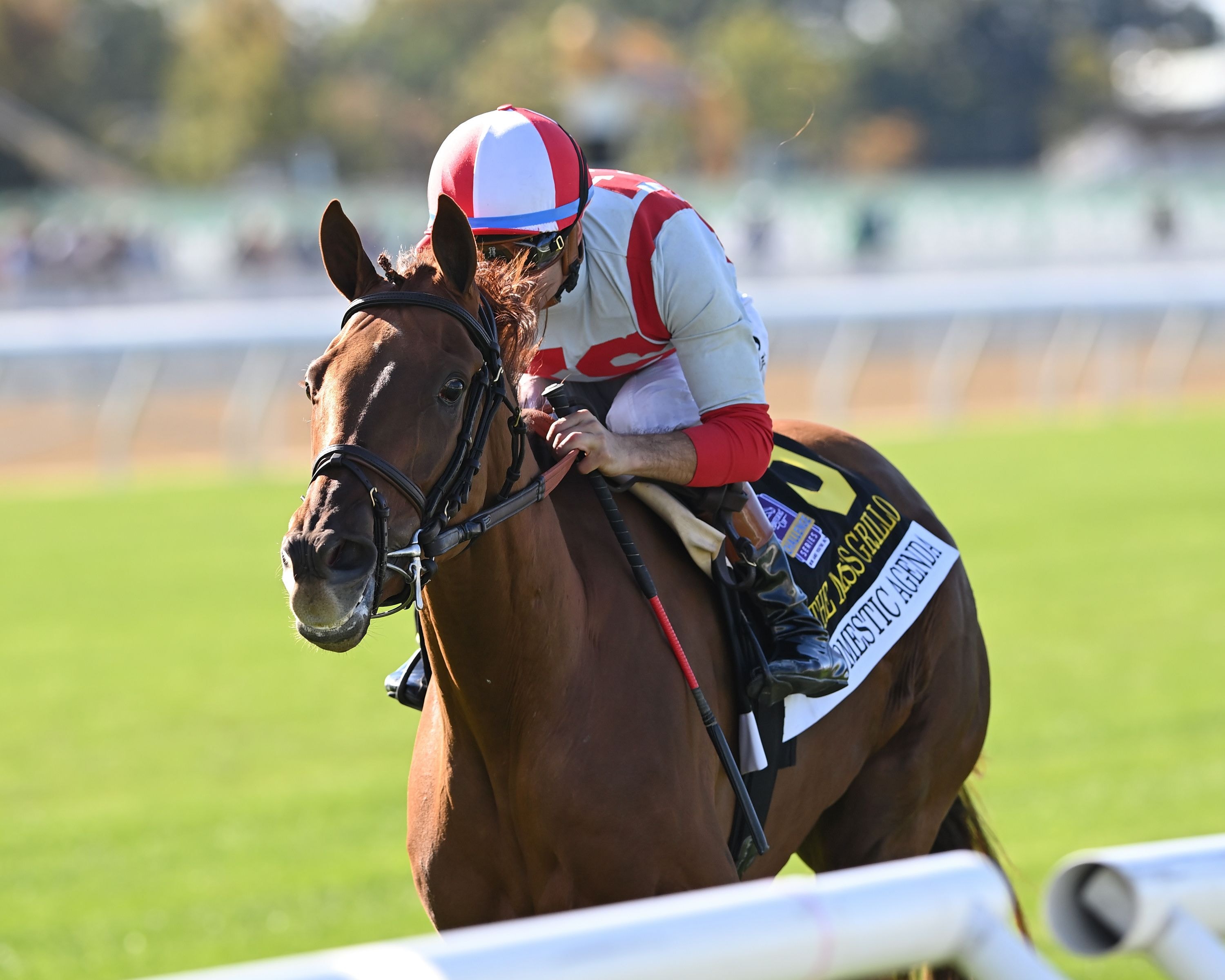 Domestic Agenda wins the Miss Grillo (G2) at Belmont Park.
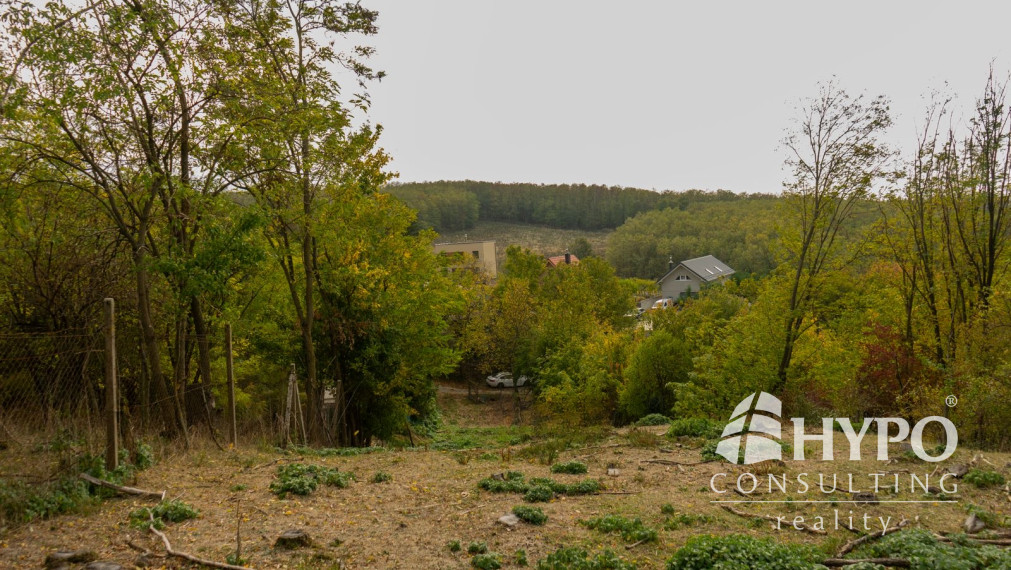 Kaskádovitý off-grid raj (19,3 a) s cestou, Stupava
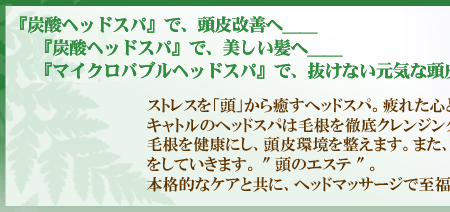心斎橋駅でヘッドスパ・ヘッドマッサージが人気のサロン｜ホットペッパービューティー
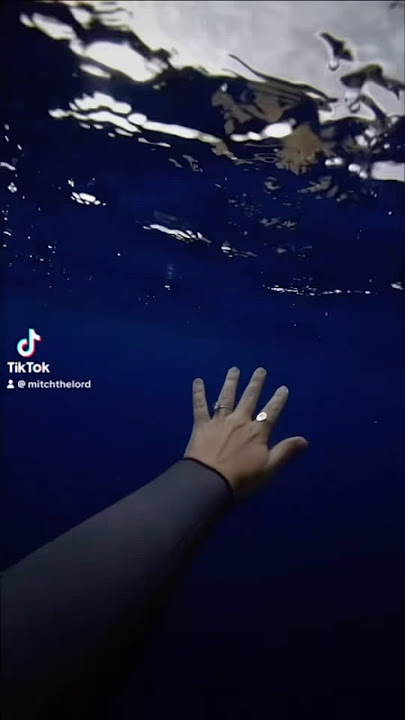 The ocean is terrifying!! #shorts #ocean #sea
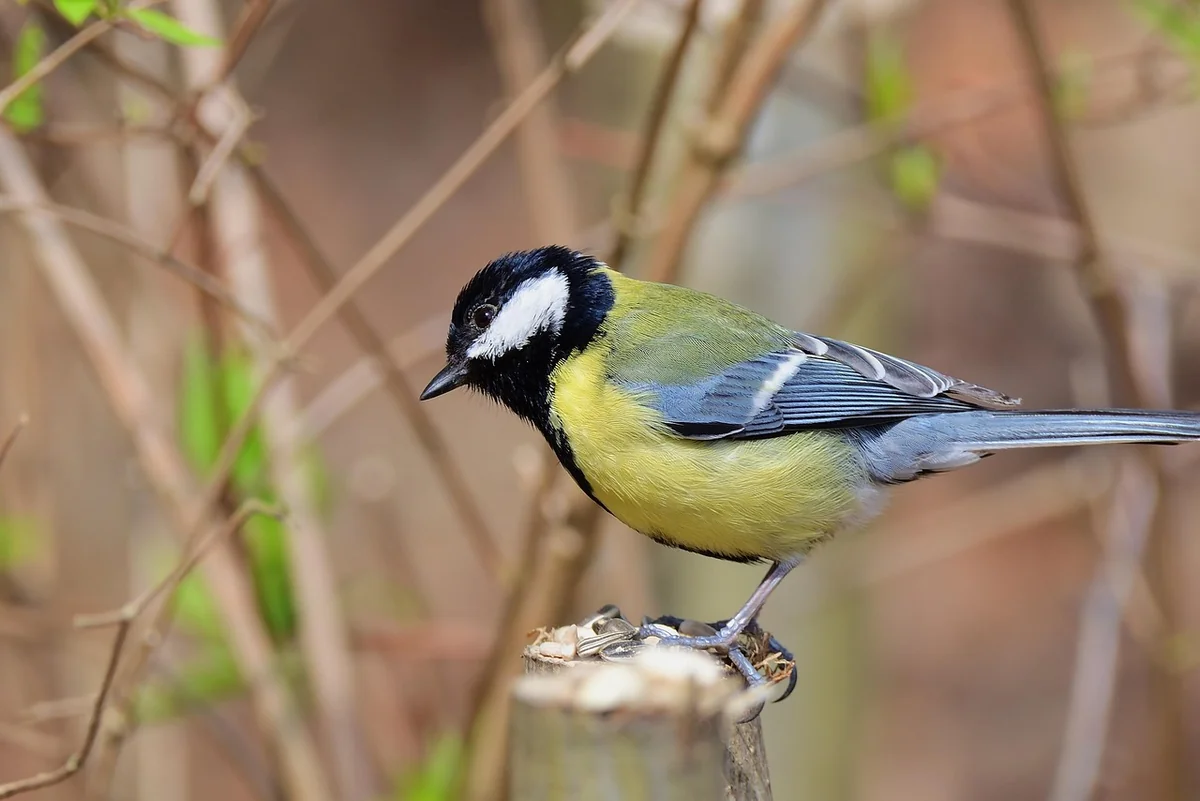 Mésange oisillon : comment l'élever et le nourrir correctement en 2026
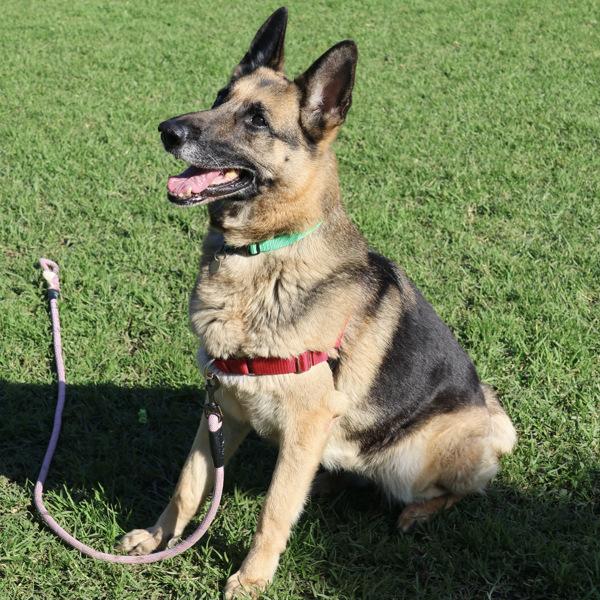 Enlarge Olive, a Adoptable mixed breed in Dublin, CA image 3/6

# # #

Would you please give the material above again, unchanged but without pictures?

 Domestic Agenda wins the Miss Grillo (G2) at Belmont Park.
 Kaskádovitý off-grid raj (19,3 a) s cestou, Stupava
心斎橋駅でヘッドスパ・ヘッドマッサージが人気のサロン｜ホットペッパービューティー
 The ocean is terrifying!! #shorts #ocean #sea
 Mésange oisillon : comment l'élever et le nourrir correctement en 2026
 Enlarge Olive, a Adoptable mixed breed in Dublin, CA image 3/6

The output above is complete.